### Problem to solve
Go through the data below and return each line containing the word "image".

Stored data
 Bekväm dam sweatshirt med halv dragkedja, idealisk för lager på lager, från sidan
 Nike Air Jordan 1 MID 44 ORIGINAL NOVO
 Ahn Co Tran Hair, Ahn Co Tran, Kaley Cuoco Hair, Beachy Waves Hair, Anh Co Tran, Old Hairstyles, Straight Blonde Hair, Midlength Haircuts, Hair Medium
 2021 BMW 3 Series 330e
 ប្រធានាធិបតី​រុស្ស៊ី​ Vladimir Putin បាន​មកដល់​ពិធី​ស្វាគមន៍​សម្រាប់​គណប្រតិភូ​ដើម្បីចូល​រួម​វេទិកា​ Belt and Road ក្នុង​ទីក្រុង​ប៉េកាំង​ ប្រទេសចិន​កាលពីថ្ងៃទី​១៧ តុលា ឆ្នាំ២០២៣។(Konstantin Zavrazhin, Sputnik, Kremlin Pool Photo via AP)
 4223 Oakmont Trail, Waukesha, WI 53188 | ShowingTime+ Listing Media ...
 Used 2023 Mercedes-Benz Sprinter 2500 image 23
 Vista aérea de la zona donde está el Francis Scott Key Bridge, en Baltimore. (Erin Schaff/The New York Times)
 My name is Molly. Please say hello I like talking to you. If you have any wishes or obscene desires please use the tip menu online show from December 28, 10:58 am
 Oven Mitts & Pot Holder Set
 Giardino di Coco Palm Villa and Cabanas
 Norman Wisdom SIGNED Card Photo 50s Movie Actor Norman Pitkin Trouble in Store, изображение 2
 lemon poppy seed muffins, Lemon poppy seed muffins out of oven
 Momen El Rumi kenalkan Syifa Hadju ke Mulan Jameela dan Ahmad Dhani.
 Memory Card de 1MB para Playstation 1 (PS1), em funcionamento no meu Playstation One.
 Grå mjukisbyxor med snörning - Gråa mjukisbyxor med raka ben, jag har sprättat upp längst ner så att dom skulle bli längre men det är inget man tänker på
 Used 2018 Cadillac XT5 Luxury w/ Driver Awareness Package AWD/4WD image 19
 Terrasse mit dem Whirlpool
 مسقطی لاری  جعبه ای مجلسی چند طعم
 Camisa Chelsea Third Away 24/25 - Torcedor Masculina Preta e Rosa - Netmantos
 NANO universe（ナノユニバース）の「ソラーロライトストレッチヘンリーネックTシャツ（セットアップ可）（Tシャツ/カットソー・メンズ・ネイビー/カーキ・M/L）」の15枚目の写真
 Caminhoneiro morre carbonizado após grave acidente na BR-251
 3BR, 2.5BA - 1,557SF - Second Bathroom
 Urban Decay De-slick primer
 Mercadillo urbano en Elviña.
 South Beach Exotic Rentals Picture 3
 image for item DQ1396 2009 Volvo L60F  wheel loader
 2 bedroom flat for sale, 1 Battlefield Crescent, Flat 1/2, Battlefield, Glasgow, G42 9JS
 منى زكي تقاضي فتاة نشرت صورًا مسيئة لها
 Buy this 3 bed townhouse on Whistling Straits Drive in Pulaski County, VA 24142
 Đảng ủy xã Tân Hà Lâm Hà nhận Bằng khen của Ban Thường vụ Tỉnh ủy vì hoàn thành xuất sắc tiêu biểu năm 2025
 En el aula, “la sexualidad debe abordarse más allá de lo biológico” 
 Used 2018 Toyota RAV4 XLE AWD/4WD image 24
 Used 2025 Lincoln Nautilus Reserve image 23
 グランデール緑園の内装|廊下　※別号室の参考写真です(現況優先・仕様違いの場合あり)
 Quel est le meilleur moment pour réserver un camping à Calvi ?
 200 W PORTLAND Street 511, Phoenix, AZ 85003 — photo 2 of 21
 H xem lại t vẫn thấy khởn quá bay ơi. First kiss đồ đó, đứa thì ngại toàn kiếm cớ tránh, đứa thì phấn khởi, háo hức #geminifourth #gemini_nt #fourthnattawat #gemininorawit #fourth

### Solved exercise
 Used 2023 Mercedes-Benz Sprinter 2500 image 23
 Used 2018 Cadillac XT5 Luxury w/ Driver Awareness Package AWD/4WD image 19
 image for item DQ1396 2009 Volvo L60F  wheel loader
 Used 2018 Toyota RAV4 XLE AWD/4WD image 24
 Used 2025 Lincoln Nautilus Reserve image 23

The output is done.